[Crawled caption data]
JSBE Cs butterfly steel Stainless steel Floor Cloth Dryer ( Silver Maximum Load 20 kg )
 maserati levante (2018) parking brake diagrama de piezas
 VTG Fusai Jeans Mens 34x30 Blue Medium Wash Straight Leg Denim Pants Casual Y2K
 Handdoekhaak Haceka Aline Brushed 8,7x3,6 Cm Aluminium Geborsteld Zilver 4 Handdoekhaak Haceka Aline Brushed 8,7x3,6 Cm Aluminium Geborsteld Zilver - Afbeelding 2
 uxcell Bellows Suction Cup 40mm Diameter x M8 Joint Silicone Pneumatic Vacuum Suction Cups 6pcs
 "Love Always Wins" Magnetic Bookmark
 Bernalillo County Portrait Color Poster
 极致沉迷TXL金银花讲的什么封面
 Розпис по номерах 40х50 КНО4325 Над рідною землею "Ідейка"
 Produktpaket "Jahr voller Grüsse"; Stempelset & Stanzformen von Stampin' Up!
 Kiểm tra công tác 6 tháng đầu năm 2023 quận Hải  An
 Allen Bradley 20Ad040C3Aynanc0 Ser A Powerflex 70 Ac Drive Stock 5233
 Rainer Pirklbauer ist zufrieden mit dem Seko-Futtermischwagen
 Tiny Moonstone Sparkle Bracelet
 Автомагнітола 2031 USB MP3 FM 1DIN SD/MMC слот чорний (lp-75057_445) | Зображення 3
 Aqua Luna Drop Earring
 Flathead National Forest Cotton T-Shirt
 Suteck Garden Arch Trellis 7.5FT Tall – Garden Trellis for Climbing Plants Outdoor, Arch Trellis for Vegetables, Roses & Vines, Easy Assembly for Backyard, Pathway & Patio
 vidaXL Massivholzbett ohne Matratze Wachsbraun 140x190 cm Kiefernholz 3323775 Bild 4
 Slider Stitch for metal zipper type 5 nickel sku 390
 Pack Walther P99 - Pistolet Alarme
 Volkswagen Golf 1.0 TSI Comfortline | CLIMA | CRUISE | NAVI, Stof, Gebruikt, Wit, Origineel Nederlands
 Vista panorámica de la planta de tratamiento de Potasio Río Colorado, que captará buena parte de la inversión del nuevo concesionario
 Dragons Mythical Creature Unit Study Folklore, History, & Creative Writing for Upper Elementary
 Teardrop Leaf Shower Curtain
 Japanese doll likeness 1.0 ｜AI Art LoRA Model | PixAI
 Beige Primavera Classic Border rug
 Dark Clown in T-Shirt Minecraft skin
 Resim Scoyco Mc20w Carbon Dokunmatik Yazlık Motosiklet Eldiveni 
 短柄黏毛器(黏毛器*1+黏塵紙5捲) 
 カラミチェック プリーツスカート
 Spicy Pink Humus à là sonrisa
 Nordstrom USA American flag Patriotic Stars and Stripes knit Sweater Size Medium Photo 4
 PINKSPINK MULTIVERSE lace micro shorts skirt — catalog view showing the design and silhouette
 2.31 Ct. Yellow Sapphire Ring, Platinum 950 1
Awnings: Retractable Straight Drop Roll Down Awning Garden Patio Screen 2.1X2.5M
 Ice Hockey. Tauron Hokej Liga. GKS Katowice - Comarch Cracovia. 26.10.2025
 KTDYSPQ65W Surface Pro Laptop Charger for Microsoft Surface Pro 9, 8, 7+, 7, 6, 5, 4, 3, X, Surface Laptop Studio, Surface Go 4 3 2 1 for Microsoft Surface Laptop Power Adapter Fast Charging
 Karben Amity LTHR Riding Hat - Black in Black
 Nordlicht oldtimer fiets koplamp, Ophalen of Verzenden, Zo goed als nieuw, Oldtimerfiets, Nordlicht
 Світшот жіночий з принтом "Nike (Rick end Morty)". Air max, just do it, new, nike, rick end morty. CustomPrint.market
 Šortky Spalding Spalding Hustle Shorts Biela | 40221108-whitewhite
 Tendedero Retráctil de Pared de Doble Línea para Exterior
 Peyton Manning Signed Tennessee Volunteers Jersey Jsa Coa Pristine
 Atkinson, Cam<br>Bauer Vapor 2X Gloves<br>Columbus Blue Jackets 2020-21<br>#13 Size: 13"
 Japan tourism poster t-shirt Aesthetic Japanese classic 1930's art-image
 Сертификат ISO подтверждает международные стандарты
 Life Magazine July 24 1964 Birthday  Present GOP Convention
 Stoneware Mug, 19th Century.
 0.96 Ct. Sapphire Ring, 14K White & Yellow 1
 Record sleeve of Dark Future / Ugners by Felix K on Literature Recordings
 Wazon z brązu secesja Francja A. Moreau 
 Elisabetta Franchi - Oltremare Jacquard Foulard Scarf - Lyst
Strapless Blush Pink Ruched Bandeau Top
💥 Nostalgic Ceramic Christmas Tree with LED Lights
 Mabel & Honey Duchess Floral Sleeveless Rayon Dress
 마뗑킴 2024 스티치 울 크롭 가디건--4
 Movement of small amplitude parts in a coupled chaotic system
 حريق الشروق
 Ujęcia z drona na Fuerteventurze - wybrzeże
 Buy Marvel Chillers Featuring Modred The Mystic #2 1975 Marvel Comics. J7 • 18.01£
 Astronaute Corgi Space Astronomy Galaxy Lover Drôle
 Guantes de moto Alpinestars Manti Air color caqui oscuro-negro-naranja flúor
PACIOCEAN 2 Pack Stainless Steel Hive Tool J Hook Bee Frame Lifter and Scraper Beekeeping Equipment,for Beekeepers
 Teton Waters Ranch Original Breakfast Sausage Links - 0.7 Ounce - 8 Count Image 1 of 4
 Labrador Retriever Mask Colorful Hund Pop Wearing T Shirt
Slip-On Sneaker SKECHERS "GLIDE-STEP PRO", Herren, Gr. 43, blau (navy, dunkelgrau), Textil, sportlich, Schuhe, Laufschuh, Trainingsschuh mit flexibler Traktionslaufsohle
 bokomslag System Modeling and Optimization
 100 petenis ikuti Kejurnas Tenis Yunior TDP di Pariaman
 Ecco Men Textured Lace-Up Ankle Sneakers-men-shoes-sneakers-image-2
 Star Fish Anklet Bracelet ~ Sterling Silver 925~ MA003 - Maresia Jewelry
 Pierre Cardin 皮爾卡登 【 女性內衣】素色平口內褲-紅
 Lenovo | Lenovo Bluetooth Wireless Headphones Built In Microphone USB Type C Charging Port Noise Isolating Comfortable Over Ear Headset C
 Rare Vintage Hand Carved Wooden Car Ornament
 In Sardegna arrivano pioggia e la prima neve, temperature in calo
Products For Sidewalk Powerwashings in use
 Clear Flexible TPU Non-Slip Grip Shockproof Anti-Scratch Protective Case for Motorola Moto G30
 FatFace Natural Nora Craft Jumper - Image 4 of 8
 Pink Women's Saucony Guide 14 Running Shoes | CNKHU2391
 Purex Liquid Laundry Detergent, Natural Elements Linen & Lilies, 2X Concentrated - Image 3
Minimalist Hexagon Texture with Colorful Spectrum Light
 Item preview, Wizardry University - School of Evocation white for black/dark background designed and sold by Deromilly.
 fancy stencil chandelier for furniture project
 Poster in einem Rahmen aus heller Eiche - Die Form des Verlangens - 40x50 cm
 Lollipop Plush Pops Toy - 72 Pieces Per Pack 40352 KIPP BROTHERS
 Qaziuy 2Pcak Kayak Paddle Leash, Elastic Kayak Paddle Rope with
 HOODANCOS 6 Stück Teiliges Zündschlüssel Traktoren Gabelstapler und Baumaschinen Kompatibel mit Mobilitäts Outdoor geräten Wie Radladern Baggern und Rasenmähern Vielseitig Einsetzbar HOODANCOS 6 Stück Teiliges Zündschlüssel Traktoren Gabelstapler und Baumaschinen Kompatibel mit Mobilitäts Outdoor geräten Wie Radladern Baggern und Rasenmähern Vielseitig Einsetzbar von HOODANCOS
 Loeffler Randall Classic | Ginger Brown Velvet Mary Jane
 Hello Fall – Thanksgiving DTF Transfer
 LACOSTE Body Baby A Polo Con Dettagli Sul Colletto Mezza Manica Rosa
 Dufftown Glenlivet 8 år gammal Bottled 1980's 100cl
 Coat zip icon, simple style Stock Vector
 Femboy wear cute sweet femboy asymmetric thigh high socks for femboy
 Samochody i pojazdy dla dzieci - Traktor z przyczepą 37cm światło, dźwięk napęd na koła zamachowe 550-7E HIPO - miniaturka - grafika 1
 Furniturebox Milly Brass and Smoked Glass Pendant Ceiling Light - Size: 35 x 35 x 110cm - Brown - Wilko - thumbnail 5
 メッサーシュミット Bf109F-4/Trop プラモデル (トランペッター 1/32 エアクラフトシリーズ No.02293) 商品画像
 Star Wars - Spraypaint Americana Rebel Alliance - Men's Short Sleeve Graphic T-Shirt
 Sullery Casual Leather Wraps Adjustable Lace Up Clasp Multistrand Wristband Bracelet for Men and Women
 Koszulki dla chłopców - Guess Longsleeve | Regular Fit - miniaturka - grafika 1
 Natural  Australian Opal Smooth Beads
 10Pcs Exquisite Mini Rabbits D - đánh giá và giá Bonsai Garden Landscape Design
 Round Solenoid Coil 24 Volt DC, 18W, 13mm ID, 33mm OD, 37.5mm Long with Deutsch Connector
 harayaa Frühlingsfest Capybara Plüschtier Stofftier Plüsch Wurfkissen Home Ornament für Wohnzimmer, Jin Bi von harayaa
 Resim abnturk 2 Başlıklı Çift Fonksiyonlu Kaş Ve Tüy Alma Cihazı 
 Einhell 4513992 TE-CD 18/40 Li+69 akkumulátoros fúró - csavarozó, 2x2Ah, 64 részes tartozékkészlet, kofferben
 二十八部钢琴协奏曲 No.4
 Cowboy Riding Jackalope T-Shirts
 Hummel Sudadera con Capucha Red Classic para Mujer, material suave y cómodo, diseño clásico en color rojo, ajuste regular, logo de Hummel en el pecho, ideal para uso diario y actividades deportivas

◆ TASK TO COMPLETE
Without changing anything, quote the lines from the top of the data to the line that contains "Rainer Pirklbauer ist", including that line.

◆ RESPONSE TO THIS TASK
JSBE Cs butterfly steel Stainless steel Floor Cloth Dryer ( Silver Maximum Load 20 kg )
 maserati levante (2018) parking brake diagrama de piezas
 VTG Fusai Jeans Mens 34x30 Blue Medium Wash Straight Leg Denim Pants Casual Y2K
 Handdoekhaak Haceka Aline Brushed 8,7x3,6 Cm Aluminium Geborsteld Zilver 4 Handdoekhaak Haceka Aline Brushed 8,7x3,6 Cm Aluminium Geborsteld Zilver - Afbeelding 2
 uxcell Bellows Suction Cup 40mm Diameter x M8 Joint Silicone Pneumatic Vacuum Suction Cups 6pcs
 "Love Always Wins" Magnetic Bookmark
 Bernalillo County Portrait Color Poster
 极致沉迷TXL金银花讲的什么封面
 Розпис по номерах 40х50 КНО4325 Над рідною землею "Ідейка"
 Produktpaket "Jahr voller Grüsse"; Stempelset & Stanzformen von Stampin' Up!
 Kiểm tra công tác 6 tháng đầu năm 2023 quận Hải  An
 Allen Bradley 20Ad040C3Aynanc0 Ser A Powerflex 70 Ac Drive Stock 5233
 Rainer Pirklbauer ist zufrieden mit dem Seko-Futtermischwagen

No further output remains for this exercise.